Exercise objective: Exact repetition, please: start with the line where "free printable weekly dinner menu template" appears and stop after the final line of the records.

[Raw data — start]

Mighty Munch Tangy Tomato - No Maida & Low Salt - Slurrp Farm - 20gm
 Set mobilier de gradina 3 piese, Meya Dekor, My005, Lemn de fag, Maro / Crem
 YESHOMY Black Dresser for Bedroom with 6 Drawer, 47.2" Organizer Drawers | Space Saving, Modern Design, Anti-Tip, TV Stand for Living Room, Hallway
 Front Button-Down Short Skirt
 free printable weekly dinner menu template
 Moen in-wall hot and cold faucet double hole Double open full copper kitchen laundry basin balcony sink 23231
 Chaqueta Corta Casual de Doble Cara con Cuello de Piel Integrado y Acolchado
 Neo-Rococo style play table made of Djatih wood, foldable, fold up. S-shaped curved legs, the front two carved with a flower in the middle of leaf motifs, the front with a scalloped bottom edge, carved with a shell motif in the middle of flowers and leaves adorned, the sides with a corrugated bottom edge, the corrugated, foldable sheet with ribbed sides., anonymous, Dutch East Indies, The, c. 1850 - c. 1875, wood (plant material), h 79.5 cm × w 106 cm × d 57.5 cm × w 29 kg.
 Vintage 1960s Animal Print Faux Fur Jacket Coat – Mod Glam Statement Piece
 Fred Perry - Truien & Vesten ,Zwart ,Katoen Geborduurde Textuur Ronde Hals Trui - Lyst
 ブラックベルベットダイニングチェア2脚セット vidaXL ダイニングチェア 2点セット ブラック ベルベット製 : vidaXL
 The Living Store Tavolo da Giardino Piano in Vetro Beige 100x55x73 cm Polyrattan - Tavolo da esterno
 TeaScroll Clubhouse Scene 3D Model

[Raw data — finish]

Completed task:
 free printable weekly dinner menu template
 Moen in-wall hot and cold faucet double hole Double open full copper kitchen laundry basin balcony sink 23231
 Chaqueta Corta Casual de Doble Cara con Cuello de Piel Integrado y Acolchado
 Neo-Rococo style play table made of Djatih wood, foldable, fold up. S-shaped curved legs, the front two carved with a flower in the middle of leaf motifs, the front with a scalloped bottom edge, carved with a shell motif in the middle of flowers and leaves adorned, the sides with a corrugated bottom edge, the corrugated, foldable sheet with ribbed sides., anonymous, Dutch East Indies, The, c. 1850 - c. 1875, wood (plant material), h 79.5 cm × w 106 cm × d 57.5 cm × w 29 kg.
 Vintage 1960s Animal Print Faux Fur Jacket Coat – Mod Glam Statement Piece
 Fred Perry - Truien & Vesten ,Zwart ,Katoen Geborduurde Textuur Ronde Hals Trui - Lyst
 ブラックベルベットダイニングチェア2脚セット vidaXL ダイニングチェア 2点セット ブラック ベルベット製 : vidaXL
 The Living Store Tavolo da Giardino Piano in Vetro Beige 100x55x73 cm Polyrattan - Tavolo da esterno
 TeaScroll Clubhouse Scene 3D Model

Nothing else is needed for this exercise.